(The problem): Of the entries below, return only those lines from the line with "Party zum Thema" to the line with "chat gradient icon", exactly, both included.

(Short text fragments from websites)
########

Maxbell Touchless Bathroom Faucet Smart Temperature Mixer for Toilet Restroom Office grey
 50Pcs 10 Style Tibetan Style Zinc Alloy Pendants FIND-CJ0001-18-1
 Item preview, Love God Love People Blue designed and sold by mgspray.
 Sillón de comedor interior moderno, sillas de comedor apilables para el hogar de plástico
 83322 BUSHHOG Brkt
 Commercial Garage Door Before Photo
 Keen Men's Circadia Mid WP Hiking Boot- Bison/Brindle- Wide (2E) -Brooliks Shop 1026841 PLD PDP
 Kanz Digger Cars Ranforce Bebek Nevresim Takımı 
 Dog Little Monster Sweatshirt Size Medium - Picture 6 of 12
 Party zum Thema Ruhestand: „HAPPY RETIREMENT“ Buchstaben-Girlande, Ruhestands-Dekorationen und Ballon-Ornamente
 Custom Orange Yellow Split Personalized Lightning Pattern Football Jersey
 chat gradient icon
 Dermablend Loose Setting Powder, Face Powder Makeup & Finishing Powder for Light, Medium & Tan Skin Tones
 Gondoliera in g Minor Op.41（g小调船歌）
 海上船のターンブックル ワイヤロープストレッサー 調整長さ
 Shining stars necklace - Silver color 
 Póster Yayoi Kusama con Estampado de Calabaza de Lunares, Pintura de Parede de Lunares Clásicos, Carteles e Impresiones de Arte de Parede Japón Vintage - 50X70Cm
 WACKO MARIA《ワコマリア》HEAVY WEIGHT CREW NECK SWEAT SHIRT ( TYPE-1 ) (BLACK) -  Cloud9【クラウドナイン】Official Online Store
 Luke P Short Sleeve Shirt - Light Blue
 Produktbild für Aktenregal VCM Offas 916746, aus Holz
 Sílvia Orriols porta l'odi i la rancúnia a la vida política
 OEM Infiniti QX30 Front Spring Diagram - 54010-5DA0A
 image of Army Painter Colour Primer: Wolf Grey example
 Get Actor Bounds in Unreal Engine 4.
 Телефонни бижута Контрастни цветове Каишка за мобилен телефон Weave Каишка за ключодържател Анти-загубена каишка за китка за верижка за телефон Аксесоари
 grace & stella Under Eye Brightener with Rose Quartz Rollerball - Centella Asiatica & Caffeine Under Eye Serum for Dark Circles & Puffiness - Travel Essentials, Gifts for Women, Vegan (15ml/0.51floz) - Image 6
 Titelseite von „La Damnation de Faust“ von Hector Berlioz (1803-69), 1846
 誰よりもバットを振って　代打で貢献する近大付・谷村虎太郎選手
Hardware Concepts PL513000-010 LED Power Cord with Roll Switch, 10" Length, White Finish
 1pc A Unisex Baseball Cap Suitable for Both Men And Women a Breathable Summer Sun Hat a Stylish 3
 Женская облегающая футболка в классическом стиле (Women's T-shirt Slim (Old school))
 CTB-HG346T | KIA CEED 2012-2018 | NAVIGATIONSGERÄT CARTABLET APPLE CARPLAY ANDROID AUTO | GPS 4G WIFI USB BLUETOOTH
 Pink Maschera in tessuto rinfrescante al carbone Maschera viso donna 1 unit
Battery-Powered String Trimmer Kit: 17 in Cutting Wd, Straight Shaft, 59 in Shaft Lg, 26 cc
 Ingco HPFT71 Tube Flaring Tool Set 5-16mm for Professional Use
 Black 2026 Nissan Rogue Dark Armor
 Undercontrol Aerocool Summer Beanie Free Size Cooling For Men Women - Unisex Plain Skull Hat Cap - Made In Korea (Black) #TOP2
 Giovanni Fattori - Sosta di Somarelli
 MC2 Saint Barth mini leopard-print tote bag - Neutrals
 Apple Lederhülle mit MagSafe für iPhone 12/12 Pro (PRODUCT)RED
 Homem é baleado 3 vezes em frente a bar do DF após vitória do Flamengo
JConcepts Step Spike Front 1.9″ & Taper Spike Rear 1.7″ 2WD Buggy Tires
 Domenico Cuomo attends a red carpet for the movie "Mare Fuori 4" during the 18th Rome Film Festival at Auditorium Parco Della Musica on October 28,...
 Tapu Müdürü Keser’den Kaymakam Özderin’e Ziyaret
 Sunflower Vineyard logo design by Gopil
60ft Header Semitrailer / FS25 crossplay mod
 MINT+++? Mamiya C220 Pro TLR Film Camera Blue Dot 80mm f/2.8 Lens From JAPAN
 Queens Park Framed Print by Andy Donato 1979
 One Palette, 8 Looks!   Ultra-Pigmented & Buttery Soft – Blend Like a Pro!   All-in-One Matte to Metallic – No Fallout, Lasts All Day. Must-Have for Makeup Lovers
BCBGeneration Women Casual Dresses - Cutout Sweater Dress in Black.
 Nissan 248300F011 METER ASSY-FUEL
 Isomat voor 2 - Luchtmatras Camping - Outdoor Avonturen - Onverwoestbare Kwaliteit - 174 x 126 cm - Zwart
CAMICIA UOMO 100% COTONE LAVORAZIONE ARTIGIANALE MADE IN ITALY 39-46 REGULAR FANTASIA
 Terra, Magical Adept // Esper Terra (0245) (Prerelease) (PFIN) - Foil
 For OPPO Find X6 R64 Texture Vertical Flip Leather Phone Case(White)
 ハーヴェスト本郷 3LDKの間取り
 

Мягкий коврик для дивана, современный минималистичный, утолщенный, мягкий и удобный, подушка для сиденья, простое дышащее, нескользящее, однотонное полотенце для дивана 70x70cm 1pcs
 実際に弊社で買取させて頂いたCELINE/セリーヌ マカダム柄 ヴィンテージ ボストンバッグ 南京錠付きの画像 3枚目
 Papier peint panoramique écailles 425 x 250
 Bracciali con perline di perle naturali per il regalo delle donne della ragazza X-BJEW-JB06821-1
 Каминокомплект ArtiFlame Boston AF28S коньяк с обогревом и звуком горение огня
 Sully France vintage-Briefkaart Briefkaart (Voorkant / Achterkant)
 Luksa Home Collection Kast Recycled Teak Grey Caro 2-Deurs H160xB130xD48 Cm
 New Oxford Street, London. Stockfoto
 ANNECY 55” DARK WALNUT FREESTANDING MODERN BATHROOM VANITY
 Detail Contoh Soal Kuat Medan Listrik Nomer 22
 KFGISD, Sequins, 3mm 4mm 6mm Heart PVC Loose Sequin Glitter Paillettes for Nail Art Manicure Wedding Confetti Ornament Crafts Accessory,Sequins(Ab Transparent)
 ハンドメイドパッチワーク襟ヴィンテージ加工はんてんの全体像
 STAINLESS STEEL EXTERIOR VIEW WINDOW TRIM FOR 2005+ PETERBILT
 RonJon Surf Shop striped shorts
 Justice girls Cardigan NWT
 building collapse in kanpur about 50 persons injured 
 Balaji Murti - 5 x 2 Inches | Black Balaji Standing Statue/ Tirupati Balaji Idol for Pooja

########

(Result of this exercise):
 Party zum Thema Ruhestand: „HAPPY RETIREMENT“ Buchstaben-Girlande, Ruhestands-Dekorationen und Ballon-Ornamente
 Custom Orange Yellow Split Personalized Lightning Pattern Football Jersey
 chat gradient icon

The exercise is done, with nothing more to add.